Hay dos motivos, pero solo una razón, para que ahora vuelva a la gran pantalla El Chico, la primera película larga que hizo Charles Chaplin y por lo tanto Charlot. Los dos motivos o impulsos son que las salas de cine, las escasas que funcionan con alguna “normalidad”, adolecen de esos grandes estrenos que movilizan a los espectadores y que El Chico cumple justo ahora un siglo de su primera presentación, el 6 de febrero de 1921, en Nueva York. La razón, o principal argumento, es que El Chico es también una obra maestra del arte cinematográfico, imperecedera y fresca en su lenguaje, y que conserva intactas todas sus virtudes, tanto para hacer reír como para emocionar al espectador de cualquier época.
Cuando Chaplin la hizo, a lo largo de un año y de un accidentado rodaje que se vio interrumpido por el dantesco litigio con su primera mujer, Mildred Harris, durante el proceso de divorcio, le inventó un traje nuevo a su gran personaje, Charlot, no el externo, que seguía siendo el habitual de sus numerosas y divertidas películas cortas, de dos rollos, sino el interno pero bien visible: emoción. La historia que narra la película es un conglomerado de melodrama con ecos de Dickens y un surtido de gags y comicidad que contribuyen a que la risa, la emoción, el dramatismo y hasta el desgarro se disputen el pódium del estado de ánimo de la audiencia.
Un bebé es abandonado por su madre en un coche junto a una rica mansión y, posteriormente, por dos ladronzuelos que roban ese coche; el vagabundo Charlot lo encuentra y unas circunstancias caricaturescas lo obligan a hacerse cargo de él, en una combinación perfecta de tragicomedia.
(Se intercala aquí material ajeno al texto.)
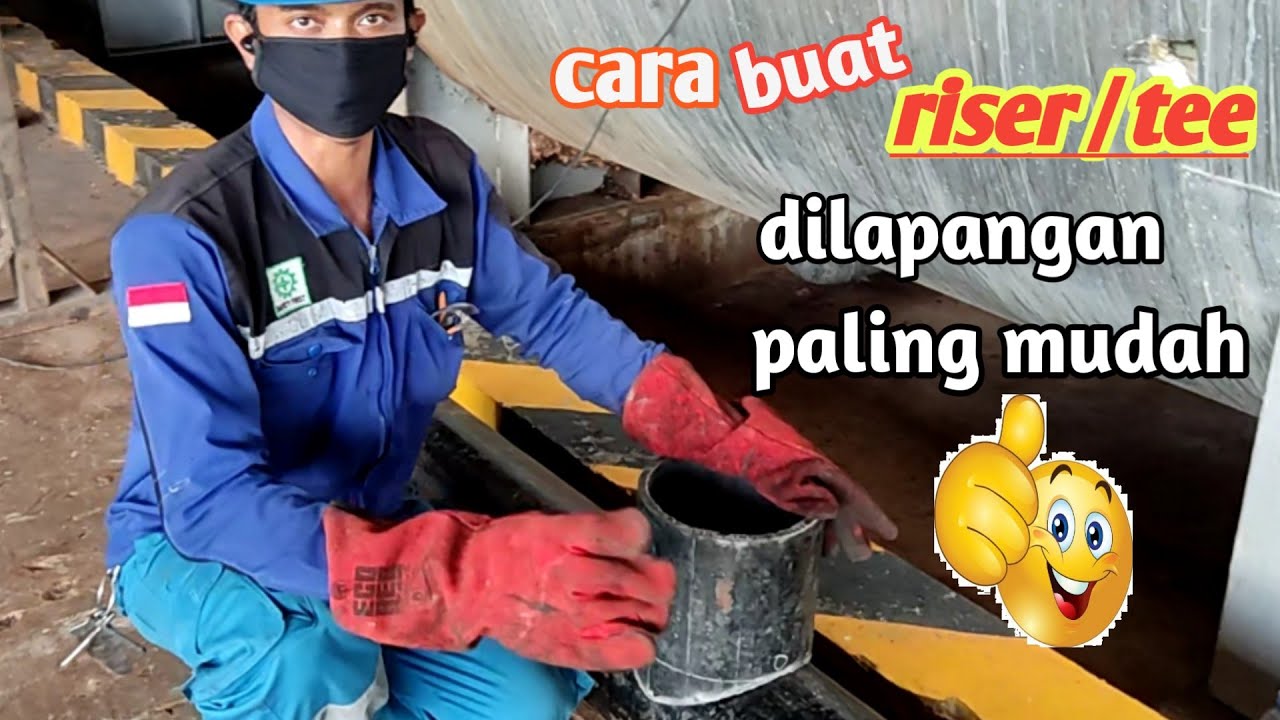 cara buat riser/tee pipa di lapangan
Años después, la fusión paterno filial entre el vagabundo y su hijo ya niño es absoluta, casi genética en forma, chispa y fondo, y se suceden una serie de peripecias que son el alma de la historia: momentos de gran comicidad, como cuando Charlot lleva los cristales para reparar, a cambio de unas monedas, las ventanas que el niño previa y calculadamente va rompiendo (con policía avizor, naturalmente), o como la de la pelea de niños de barrio y su hijo en medio, y que le obliga a él a pelear con el forzudo hermano de uno de ellos; y momentos, también, de enorme emotividad, como cuando los servicios sociales quieren llevarse a su hijo y la pantalla se inunda de sentimientos mudos y húmedos.
Ni siquiera Chaplin podía sospechar que alguien pudiera disputarle lo mejor del plano a su Charlot, pero el niño Jackie Coogan, un prodigio de expresividad y gracia, se puso a la altura del genio y consiguió darle a la historia una profundidad y una talla emocional irrepetible (de hecho, el niño Coogan luego no mantuvo una carrera profesional como actor digna de su comienzo, aunque se le puede recordar como el Tío Fétido de La Familia Addams).
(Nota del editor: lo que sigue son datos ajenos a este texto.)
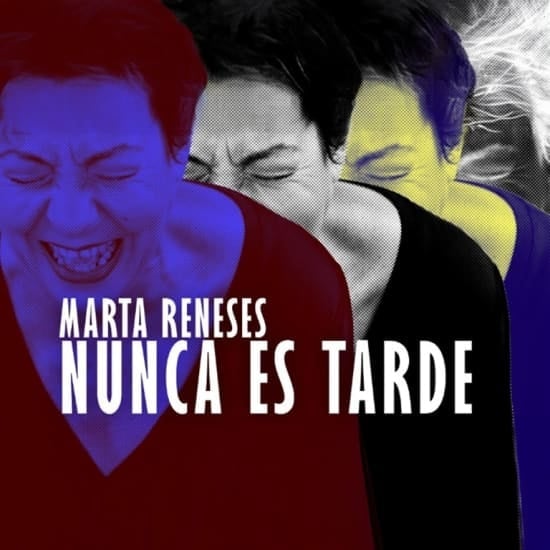 Nunca es tarde, en show av Marta Reneses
La versión restaurada en 4K que se puede ver ahora en la pantalla se corresponde con el montaje que en 1971 Chaplin hizo del material rodado, en la que suprimía alguna escena de la madre del bebé (Edna Purviance). El primer montaje lo hizo Chaplin a mano y en una habitación de hotel, pues huyó con los rollos de rodaje tras el embargo de la película y el desencuentro con los productores. En cierto modo, El Chico, que ya está colocada entre la docena de obras maestras de Chaplin, configuró el primer gran cambio de Charlot, un personaje que fue punteando todas las cicatrices y virtudes del individuo y la sociedad del pasado siglo (no sería complicado alargarlas a este), y que indagó en los recovecos del alma humana en toda su obra posterior y en títulos como La quimera del oro, Luces de la ciudad, Tiempos modernos, El gran dictador, Monsieur Verdoux o Candilejas.